小説家、評論家。明治9年5月4日、岡山県和気(わけ)郡藤野村(現和気町)の生まれ。本名徳田浩司(こうじ)。初め徳田秋江と号したが、のちに敬慕する近松門左衛門にちなんで改めた。東京専門学校(現早稲田(わせだ)大学)英文科卒業後、島村抱月のもとで『読売新聞』の小説月評などに加わり文筆活動を開始、その後『中央公論』などの雑誌編集に従事したが長続きせず、在学中に知った正宗白鳥(まさむねはくちょう)が編集していた読売文芸欄に『文壇無駄話』(1908)と題する独特のスタイルの評論を発表、批評家として認められた。同時に小説の筆もとっていたが、『早稲田文学』に連載された『別れたる妻に送る手紙』(1910)にその本領を発揮、その続編にあたる『疑惑』(1913)、それらと同じく男の情痴を主題とした『黒髪』(1922)の連作などを代表作として残し、典型的な破滅型私小説作者として知られる。

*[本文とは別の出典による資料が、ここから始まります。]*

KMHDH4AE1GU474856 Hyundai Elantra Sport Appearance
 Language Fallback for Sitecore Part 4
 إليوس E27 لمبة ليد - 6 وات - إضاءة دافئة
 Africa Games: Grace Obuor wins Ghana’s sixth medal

しかし、情痴を描くことに徹した秋江も、大正末年に女児を得たことによって、『子の愛の為(ため)に』(1924)など「子の愛物」とよばれる作品を書くようになり、さらに昭和に入ると、生来の政治好きから『水野越前守(えちぜんのかみ)』(1931)などの床屋政談的歴史小説も執筆した。そのほか叙情味豊かな随筆、紀行文も多い。昭和19年4月23日没。[田沢基久]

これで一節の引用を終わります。